Кроме того, г-н д'Аржансон приказал графу фон Лёвендалю составить план фортификаций и казарм, которыми следовало окружить Париж. Предстояло перевооружить Бастилию, довести ее гарнизон до восьмисот человек и нацелить ее пушки на густонаселенные части Парижа: скрещивая свой огонь с огнем пушек Венсена, эти пушки должны были держать под прицелом предместье Сент-Антуан и господствовать над предместьем Сен-Марсель.

Но с противоположной стороны Парижа, то есть со стороны ворот Сент-Оноре, ничто не смогло бы сдержать бунт, и потому был принят план создания системы казарменных помещений, которые должны были служить одновременно укреплениями и укрытиями для гвардейцев.

Были построены три такие казармы.

Первая, сооруженная позади Военной школы, на дороге в Севр и Вожирар, предназначалась для французских гвардейцев.

Вторая, построенная в Рюэле, между дорогами в Версаль и Сен-Жермен, предназначалась для швейцарских гвардейцев.

И, наконец, третья, построенная в Курбевуа и предназначавшаяся для 2-го полка французских гвардейцев, должна была господствовать над Сеной и паромной переправой Нёйи, пресекая в случае надобности всякое движение по этому пути в сторону Версаля.

В 1750 году явно предвидели события 1789 года.

Кроме того, начиная с этого времени король отказался от всяких сношений со столицей, которую он так любил и где он был так любим; он порвал с Парижем, который за пять лет до этого встречал его как триумфатора, устилая дорогу на его пути цветами и зелеными ветвями; с Парижем, некогда городом радости, удовольствий и празднеств, ставшим теперь городом оскорблений и угроз.
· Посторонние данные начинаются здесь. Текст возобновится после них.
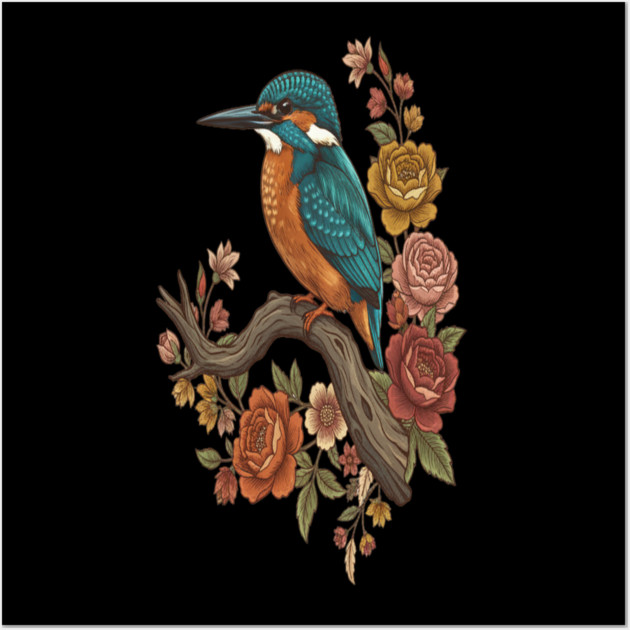Common Kingfisher on Rustic Vintage Floral Branch Wall Art by BirdsnStuff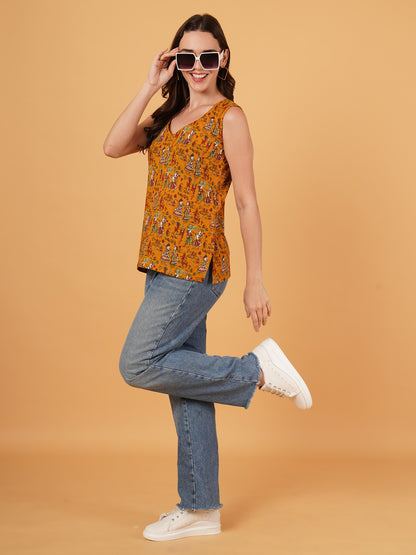 KALAMKARI SLEEVELESS SHORT KURTI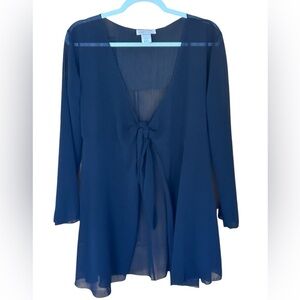 Vintage Sheer Swimsuit Cover-Up Sand Dollar Whimsigoth Mesh Lingerie Robe M USA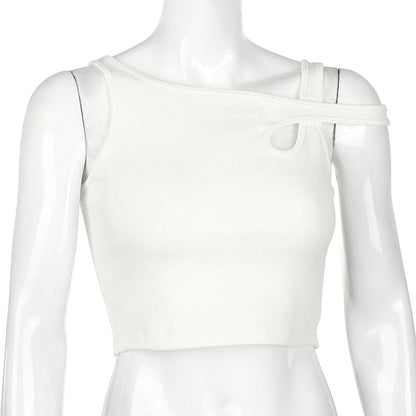 Sleeveless Summer White Tank Top Bandage Hollow Out Ribbed Crop Tops Tees Fashion Fitness Mini Vest Top The Clothing Company Sydney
И, чтобы дать понять столице, что между ней и ним нет более ничего общего и что, даже направляясь в свои замки Компьень или Фонтенбло, он никогда впредь не будет проезжать через нее, король приказал проложить ту широкую дорогу, которая соединяет Булонский лес с Сен-Дени и которую еще и сегодня называют дорогой Мятежа.
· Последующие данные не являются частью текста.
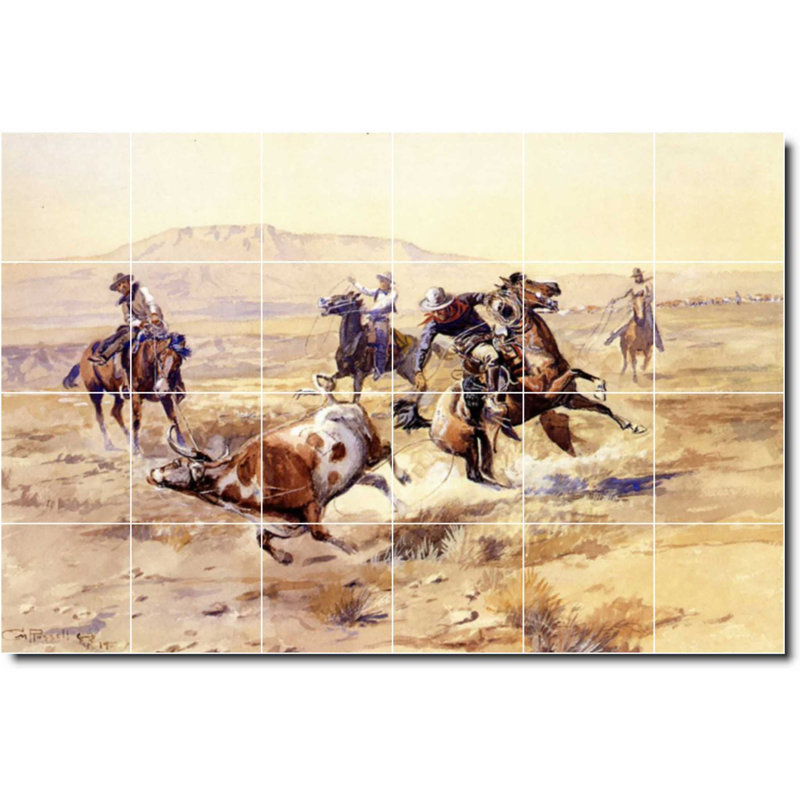 Carrelage mural décoratif en céramique 72 po x 48 po 12 po x 12 po, Charles Russell, peinture occidentale W07794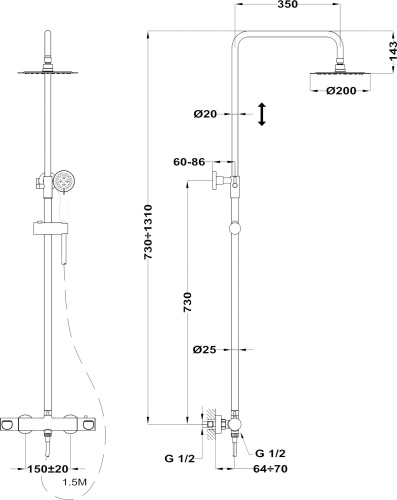 Душевая стойка TEKA Manacor 842380200 фото 4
Но странное дело, именно на этой дороге 13 июля 1842 года разбился насмерть герцог Орлеанский, единственная подлинная преграда между последними остатками той монархии, историю которой мы теперь пишем, и приходом той республики, которая была подготовлена у нас скорее десницей Божьей, нежели человеческими руками.

А было ли все же что-нибудь достоверное во всей этой жуткой истории с похищенными детьми и в страшном обвинении насчет кровавых бань? Да нет, ничего определенного, всего лишь полицейская запись, которую приводит Пёше и которую, вслед за ним, мы приведем как возможное, но маловероятное объяснение, возлагая при этом всю ответственность за него на этого автора.

В 1749 году в Париж прибыл татарский князь; у нас нет нужды объяснять нашим читателям, что князья — это подлинные русские владыки, исконные владыки, если можно так выразиться; этот князь, мужчина лет тридцати или тридцати пяти, был настоящим великаном, внуком тех титанов, которые во времена бунта Юпитера штурмовали небо; он был сказочно богат и привез с собой одну из тех азиатских свит, о каких мы у нас во Франции не имеем никакого представления: в этой свите было около сотни слуг. Привлекая к себе внимание красотой своей внешности, великолепием своих одежд и грубостью своих манер, князь очень быстро приобрел известность в Париже — мы говорим «в Париже», ибо князю, находившемуся в опале у императора Ивана VI, было заявлено, чтобы он и не думал являться в Версаль; однако князь дал себе слово вознаградить себя за это изгнание из Версаля, встречаясь не столько с приличной компанией, сколько с дурной.